An exact reprint of all the records is the expected answer.

Scraped caption text data:
- Opening Delimiter -
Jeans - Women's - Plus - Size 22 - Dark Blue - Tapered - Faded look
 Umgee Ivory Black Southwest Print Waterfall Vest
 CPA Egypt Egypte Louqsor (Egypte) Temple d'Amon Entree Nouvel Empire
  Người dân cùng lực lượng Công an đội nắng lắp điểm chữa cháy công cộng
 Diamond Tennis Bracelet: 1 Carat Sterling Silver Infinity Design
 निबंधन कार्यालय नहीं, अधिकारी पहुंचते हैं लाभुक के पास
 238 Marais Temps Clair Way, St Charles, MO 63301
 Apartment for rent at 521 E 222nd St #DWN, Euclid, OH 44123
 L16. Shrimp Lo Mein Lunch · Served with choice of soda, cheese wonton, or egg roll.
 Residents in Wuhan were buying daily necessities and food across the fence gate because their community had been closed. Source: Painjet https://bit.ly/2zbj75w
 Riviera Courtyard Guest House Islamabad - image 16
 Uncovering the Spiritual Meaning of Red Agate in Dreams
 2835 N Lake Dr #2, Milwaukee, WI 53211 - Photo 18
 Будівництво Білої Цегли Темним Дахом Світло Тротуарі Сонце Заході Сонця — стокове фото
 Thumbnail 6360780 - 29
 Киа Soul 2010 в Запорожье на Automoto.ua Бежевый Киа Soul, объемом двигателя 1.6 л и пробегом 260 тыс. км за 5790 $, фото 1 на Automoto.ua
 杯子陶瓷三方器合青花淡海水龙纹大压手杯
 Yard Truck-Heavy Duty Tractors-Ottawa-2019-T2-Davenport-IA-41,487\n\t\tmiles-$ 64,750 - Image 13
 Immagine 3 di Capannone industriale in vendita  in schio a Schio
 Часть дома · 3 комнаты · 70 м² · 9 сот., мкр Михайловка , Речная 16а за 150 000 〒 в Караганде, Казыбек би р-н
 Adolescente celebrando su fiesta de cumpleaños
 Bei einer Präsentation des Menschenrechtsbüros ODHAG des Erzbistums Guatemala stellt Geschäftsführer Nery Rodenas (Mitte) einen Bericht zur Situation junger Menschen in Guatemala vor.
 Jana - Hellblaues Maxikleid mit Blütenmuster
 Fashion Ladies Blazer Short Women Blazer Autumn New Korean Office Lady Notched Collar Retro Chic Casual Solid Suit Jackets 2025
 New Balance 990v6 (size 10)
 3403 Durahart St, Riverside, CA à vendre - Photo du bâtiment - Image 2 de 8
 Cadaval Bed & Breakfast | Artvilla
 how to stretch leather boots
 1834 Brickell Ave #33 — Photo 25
- Closing Delimiter -
## [Output for this exercise]
Jeans - Women's - Plus - Size 22 - Dark Blue - Tapered - Faded look
 Umgee Ivory Black Southwest Print Waterfall Vest
 CPA Egypt Egypte Louqsor (Egypte) Temple d'Amon Entree Nouvel Empire
  Người dân cùng lực lượng Công an đội nắng lắp điểm chữa cháy công cộng
 Diamond Tennis Bracelet: 1 Carat Sterling Silver Infinity Design
 निबंधन कार्यालय नहीं, अधिकारी पहुंचते हैं लाभुक के पास
 238 Marais Temps Clair Way, St Charles, MO 63301
 Apartment for rent at 521 E 222nd St #DWN, Euclid, OH 44123
 L16. Shrimp Lo Mein Lunch · Served with choice of soda, cheese wonton, or egg roll.
 Residents in Wuhan were buying daily necessities and food across the fence gate because their community had been closed. Source: Painjet https://bit.ly/2zbj75w
 Riviera Courtyard Guest House Islamabad - image 16
 Uncovering the Spiritual Meaning of Red Agate in Dreams
 2835 N Lake Dr #2, Milwaukee, WI 53211 - Photo 18
 Будівництво Білої Цегли Темним Дахом Світло Тротуарі Сонце Заході Сонця — стокове фото
 Thumbnail 6360780 - 29
 Киа Soul 2010 в Запорожье на Automoto.ua Бежевый Киа Soul, объемом двигателя 1.6 л и пробегом 260 тыс. км за 5790 $, фото 1 на Automoto.ua
 杯子陶瓷三方器合青花淡海水龙纹大压手杯
 Yard Truck-Heavy Duty Tractors-Ottawa-2019-T2-Davenport-IA-41,487\n\t\tmiles-$ 64,750 - Image 13
 Immagine 3 di Capannone industriale in vendita  in schio a Schio
 Часть дома · 3 комнаты · 70 м² · 9 сот., мкр Михайловка , Речная 16а за 150 000 〒 в Караганде, Казыбек би р-н
 Adolescente celebrando su fiesta de cumpleaños
 Bei einer Präsentation des Menschenrechtsbüros ODHAG des Erzbistums Guatemala stellt Geschäftsführer Nery Rodenas (Mitte) einen Bericht zur Situation junger Menschen in Guatemala vor.
 Jana - Hellblaues Maxikleid mit Blütenmuster
 Fashion Ladies Blazer Short Women Blazer Autumn New Korean Office Lady Notched Collar Retro Chic Casual Solid Suit Jackets 2025
 New Balance 990v6 (size 10)
 3403 Durahart St, Riverside, CA à vendre - Photo du bâtiment - Image 2 de 8
 Cadaval Bed & Breakfast | Artvilla
 how to stretch leather boots
 1834 Brickell Ave #33 — Photo 25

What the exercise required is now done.